The board of Holocaust Museum LA, not only its chief executive, is responsible for the institution’s conduct. Its members should be asked individually whether they endorse this record.

The museum should state publicly that the consulate’s description was incomplete and misleading, and that Lithuania’s “place” in Holocaust history includes the near-total murder of its Jews, the scale of local collaboration, and the state’s continuing protection of implicated figures. It should demand that Lithuania say so plainly, remove state honors from collaborators, repudiate the Genocide Centre’s rehabilitation of Noreika, and end the Fridman prosecution. Until then it should suspend co-branded programs and staged appearances that Lithuania can present as Jewish endorsement. These are not open-ended requests: the museum should respond within thirty days of publication, after which silence is its position.
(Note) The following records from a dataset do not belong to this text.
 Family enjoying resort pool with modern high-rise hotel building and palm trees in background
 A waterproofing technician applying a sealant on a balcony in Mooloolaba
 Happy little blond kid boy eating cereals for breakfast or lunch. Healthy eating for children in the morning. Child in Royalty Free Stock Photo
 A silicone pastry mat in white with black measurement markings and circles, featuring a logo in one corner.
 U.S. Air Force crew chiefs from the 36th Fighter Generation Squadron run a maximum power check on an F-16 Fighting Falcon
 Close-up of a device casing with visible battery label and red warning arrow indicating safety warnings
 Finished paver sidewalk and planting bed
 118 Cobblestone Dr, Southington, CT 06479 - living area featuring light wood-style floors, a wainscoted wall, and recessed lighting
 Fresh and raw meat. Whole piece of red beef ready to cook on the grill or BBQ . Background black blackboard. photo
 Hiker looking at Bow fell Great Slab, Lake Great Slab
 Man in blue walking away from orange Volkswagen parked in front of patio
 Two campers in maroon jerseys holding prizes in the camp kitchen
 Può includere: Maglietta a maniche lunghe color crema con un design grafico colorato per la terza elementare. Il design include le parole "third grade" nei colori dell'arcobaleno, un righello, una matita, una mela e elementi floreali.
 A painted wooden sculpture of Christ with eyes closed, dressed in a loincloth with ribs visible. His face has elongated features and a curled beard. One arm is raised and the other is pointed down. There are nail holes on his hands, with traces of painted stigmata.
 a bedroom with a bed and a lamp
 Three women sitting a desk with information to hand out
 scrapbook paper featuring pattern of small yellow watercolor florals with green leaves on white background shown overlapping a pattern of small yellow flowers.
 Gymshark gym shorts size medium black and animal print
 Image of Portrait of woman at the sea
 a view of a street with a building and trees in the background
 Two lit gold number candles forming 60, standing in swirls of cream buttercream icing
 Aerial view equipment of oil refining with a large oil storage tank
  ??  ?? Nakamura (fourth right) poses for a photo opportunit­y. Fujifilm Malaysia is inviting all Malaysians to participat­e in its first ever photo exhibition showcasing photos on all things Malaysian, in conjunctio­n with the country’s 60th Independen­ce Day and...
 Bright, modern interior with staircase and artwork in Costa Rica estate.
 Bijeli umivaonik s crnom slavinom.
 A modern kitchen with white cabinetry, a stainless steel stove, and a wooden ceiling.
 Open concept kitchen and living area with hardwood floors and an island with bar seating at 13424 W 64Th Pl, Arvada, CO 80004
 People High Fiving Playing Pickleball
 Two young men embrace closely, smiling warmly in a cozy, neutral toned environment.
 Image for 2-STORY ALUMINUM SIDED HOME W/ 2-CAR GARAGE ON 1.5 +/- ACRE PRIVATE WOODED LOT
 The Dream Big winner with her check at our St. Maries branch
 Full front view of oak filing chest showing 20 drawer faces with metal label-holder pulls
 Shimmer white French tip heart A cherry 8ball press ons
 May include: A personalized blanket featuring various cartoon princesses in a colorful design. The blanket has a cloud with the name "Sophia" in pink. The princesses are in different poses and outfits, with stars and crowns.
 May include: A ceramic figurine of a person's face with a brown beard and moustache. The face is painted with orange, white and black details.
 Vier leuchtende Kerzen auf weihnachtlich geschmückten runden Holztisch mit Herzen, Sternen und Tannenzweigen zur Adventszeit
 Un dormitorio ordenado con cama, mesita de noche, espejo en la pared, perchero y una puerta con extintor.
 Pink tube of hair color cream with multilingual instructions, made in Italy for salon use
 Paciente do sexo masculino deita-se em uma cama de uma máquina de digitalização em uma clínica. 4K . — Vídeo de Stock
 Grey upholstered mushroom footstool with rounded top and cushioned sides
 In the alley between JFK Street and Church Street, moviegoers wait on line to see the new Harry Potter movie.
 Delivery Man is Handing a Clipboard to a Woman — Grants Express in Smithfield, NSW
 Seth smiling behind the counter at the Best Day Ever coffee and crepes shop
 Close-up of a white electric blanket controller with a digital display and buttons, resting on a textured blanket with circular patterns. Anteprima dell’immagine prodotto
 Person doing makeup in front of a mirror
Its board should adopt a standard barring co-branding with any state under active Holocaust-distortion scrutiny absent that state’s written acknowledgment of its own role. I am asking the board to convene and vote on whether to continue co-branded engagement with the Lithuanian government absent the conditions above, and to publish the result. And the Jewish press should ask Beth Kean directly, and keep asking, why Holocaust Museum LA keeps engaging with Lithuania.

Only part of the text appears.